◆ **ACTIVITY**
The lines to extract begin at the line that contains "FILE PHOTO: Parents" and run through the last line of the listing; reproduce them exactly, minus any pictures.

◆ **AVAILABLE DATA**
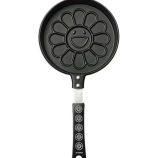 Pancake maker featuring Murakami's iconic flower design with a smiling face, black handle, and flowe.
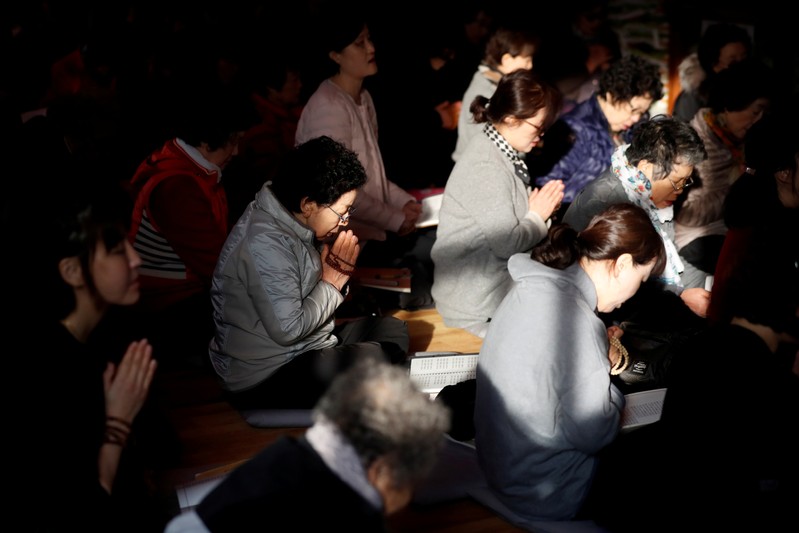 FILE PHOTO: Parents pray for their children's success in the college entrance examinations at a Buddhist temple in Seoul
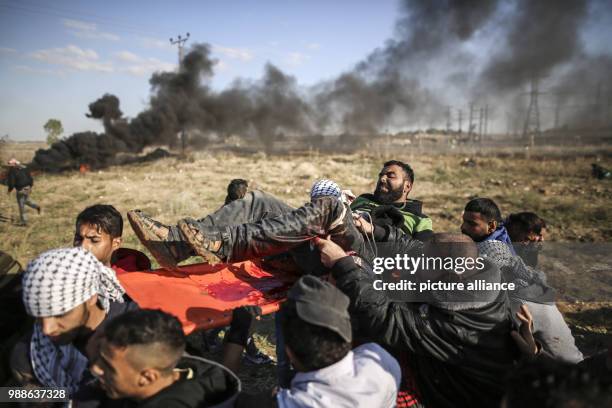 Dpatop - Palestinian protesters carry a wounded man during clashes with Israeli forces near the border fence with Israel in Nahal Oz, east of Gaza...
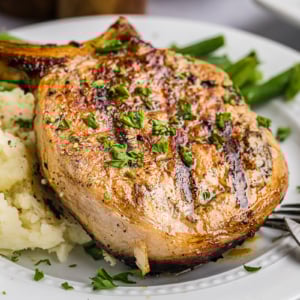 close up angled shot of onion grilled pork chop on plate with potatoes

◆ **SOLUTION FOR THIS PROBLEM**
 FILE PHOTO: Parents pray for their children's success in the college entrance examinations at a Buddhist temple in Seoul
 Dpatop - Palestinian protesters carry a wounded man during clashes with Israeli forces near the border fence with Israel in Nahal Oz, east of Gaza...
 close up angled shot of onion grilled pork chop on plate with potatoes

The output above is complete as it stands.